▶ [Activity] Taking the line with "Southern Patio 8" as the first and the line with "معطف ترنش طويل" as the last, set down exactly every line in that range from the entries below, and no more.

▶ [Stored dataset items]
○ ○ ○ ○ ○ ○ ○

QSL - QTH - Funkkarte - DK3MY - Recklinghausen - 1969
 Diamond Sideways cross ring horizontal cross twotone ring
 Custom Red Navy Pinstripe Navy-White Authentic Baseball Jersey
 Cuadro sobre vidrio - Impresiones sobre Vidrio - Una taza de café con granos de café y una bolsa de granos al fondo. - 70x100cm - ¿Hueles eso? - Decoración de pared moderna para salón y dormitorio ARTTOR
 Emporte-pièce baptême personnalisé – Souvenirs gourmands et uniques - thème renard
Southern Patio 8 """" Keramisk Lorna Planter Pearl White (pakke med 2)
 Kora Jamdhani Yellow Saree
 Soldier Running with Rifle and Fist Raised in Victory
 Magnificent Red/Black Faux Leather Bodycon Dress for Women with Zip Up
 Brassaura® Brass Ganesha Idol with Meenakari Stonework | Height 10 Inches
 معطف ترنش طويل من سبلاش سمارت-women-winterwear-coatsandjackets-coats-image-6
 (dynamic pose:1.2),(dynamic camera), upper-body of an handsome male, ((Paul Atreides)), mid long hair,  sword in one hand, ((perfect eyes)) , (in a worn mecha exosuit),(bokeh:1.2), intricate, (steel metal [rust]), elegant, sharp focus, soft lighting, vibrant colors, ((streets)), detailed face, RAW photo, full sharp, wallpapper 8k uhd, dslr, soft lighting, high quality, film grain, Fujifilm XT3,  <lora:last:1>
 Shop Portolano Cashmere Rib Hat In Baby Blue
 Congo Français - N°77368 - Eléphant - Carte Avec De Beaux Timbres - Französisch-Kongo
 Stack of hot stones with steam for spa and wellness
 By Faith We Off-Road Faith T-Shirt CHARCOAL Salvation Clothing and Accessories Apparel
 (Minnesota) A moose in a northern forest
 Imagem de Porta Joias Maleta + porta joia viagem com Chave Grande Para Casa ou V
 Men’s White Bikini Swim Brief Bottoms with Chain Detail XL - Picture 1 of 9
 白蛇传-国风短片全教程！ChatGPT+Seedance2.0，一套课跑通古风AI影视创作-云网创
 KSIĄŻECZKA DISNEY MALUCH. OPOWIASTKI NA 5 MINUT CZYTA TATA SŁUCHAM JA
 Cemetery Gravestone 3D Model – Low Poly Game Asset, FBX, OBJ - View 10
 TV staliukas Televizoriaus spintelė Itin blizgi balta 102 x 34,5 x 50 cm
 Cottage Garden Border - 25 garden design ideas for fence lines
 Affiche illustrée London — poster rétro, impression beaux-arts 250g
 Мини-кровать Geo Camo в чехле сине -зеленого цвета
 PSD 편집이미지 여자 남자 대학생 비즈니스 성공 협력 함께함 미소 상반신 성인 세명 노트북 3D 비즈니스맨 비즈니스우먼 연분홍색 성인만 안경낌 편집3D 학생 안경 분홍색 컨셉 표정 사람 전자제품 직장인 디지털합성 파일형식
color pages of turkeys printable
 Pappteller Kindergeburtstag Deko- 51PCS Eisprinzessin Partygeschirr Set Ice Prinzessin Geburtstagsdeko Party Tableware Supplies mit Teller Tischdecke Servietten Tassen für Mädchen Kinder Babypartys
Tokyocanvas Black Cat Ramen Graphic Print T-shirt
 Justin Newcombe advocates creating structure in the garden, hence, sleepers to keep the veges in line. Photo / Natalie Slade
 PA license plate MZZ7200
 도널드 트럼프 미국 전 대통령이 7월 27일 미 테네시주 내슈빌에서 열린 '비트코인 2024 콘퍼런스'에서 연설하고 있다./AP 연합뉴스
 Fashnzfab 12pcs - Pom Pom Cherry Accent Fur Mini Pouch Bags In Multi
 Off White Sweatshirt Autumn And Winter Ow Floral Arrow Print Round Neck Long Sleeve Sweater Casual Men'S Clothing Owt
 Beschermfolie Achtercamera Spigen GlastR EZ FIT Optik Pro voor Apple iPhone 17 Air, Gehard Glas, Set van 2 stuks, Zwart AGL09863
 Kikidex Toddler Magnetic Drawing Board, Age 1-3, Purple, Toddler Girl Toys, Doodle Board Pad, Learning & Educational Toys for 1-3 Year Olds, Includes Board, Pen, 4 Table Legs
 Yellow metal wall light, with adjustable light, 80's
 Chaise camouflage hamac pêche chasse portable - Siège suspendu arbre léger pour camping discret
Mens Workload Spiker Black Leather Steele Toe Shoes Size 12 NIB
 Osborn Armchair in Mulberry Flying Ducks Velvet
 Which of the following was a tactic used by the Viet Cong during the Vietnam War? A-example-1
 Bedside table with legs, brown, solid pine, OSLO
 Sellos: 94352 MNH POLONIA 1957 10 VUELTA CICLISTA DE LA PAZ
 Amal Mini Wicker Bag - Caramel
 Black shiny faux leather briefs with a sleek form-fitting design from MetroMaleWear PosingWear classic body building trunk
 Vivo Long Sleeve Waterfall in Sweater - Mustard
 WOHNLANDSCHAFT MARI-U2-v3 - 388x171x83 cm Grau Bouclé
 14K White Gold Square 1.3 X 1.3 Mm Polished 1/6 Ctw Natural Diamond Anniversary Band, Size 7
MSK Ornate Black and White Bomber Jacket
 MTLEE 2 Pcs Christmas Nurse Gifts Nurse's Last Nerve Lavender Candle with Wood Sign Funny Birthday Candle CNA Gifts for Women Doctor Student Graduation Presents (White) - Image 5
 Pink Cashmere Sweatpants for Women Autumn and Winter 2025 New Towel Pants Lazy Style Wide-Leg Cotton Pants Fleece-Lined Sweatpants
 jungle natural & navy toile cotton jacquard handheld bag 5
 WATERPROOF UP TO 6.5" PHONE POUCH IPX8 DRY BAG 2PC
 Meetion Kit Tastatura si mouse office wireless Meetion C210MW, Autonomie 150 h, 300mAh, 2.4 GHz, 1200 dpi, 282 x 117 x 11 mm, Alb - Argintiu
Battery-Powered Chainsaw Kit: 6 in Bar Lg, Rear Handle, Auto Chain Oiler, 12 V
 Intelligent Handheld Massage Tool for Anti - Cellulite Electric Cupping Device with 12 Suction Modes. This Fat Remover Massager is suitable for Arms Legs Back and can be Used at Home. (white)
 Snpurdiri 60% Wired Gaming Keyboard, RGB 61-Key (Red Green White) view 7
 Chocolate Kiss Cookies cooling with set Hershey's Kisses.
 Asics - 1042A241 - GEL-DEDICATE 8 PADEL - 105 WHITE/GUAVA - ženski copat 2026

○ ○ ○ ○ ○ ○ ○

▶ [Output of the task]
Southern Patio 8 """" Keramisk Lorna Planter Pearl White (pakke med 2)
 Kora Jamdhani Yellow Saree
 Soldier Running with Rifle and Fist Raised in Victory
 Magnificent Red/Black Faux Leather Bodycon Dress for Women with Zip Up
 Brassaura® Brass Ganesha Idol with Meenakari Stonework | Height 10 Inches
 معطف ترنش طويل من سبلاش سمارت-women-winterwear-coatsandjackets-coats-image-6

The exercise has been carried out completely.